*** DATASET RECORDS ***
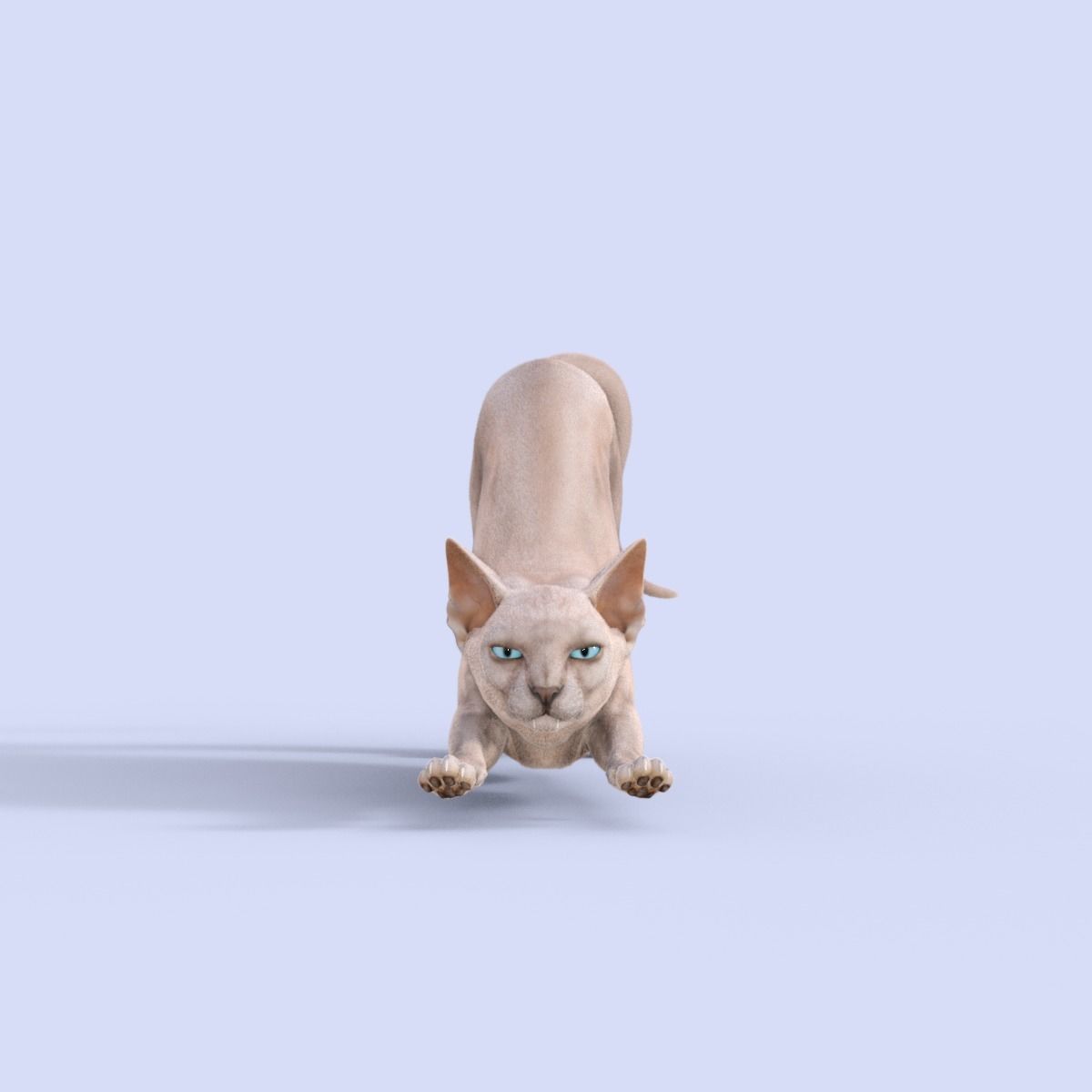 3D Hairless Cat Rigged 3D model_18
*** End of DATASET RECORDS ***
*** DATASET RECORDS ***
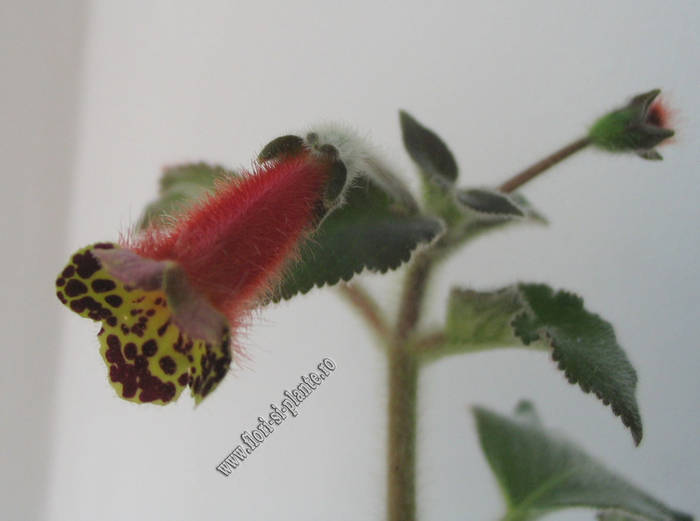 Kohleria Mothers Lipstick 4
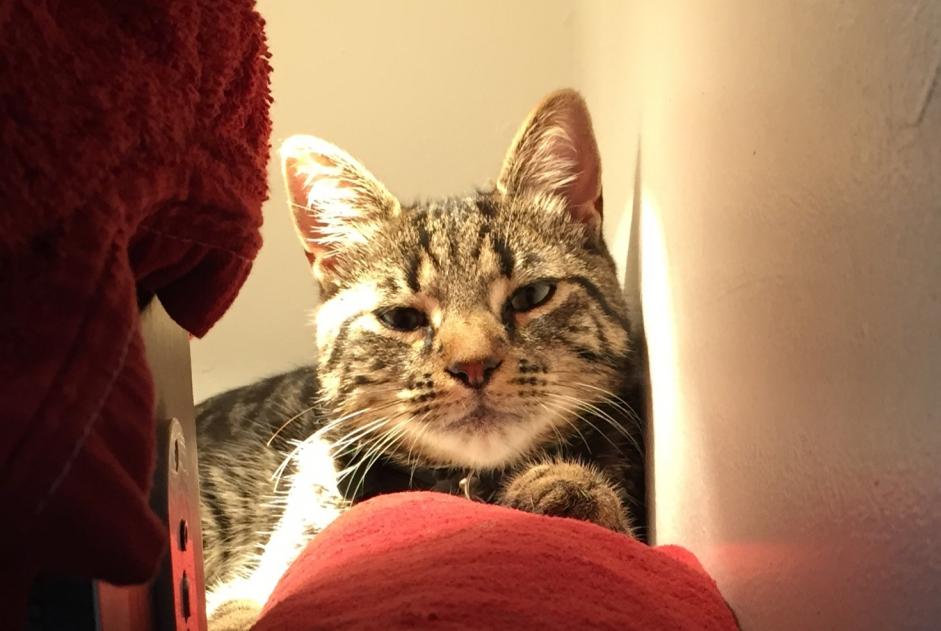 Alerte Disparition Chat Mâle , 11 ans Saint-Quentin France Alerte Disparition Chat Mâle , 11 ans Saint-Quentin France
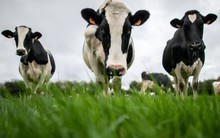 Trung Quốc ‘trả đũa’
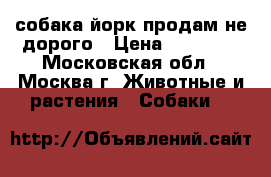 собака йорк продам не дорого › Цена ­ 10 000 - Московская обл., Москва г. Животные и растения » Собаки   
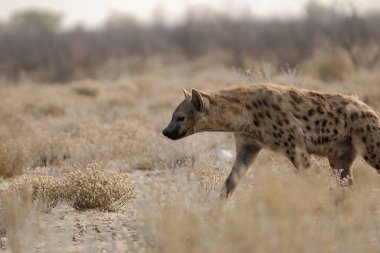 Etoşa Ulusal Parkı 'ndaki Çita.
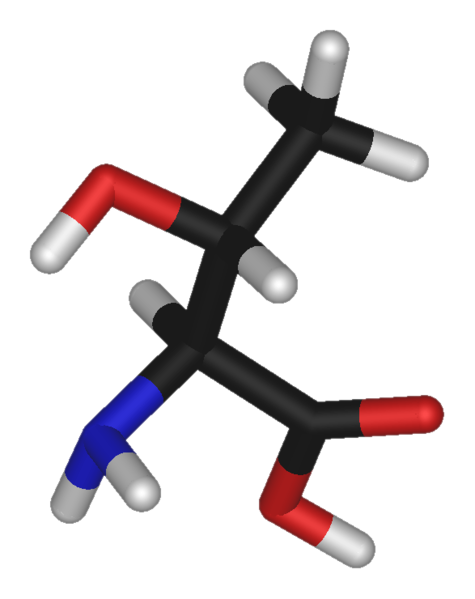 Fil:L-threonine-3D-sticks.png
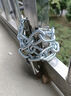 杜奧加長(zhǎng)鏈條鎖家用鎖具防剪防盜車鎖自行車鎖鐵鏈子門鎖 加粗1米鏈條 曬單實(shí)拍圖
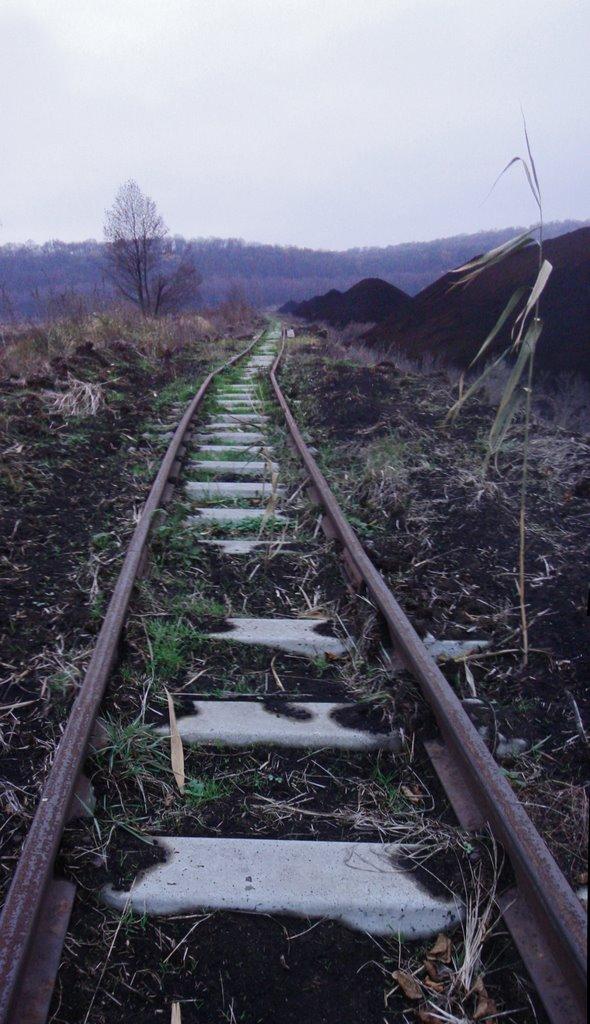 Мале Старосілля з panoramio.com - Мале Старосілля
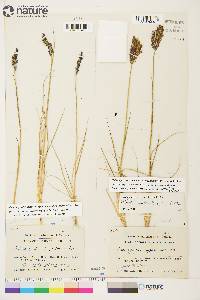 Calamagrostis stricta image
*** End of DATASET RECORDS ***
*** DATASET RECORDS ***
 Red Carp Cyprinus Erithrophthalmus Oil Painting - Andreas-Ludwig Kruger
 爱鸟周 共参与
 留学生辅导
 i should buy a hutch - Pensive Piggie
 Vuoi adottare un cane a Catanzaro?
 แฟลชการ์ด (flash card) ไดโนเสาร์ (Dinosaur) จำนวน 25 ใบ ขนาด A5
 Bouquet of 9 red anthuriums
*** End of DATASET RECORDS ***
**TASK ITEM:**
Print exactly the lines above that run from the one with "Etoşa Ulusal Parkı 'ndaki Çita." to the one with "Calamagrostis stricta image", both included. No pictures.

**WRITTEN REPLY:**
 Etoşa Ulusal Parkı 'ndaki Çita.
 Fil:L-threonine-3D-sticks.png
 杜奧加長(zhǎng)鏈條鎖家用鎖具防剪防盜車鎖自行車鎖鐵鏈子門鎖 加粗1米鏈條 曬單實(shí)拍圖
 Мале Старосілля з panoramio.com - Мале Старосілля
 Calamagrostis stricta image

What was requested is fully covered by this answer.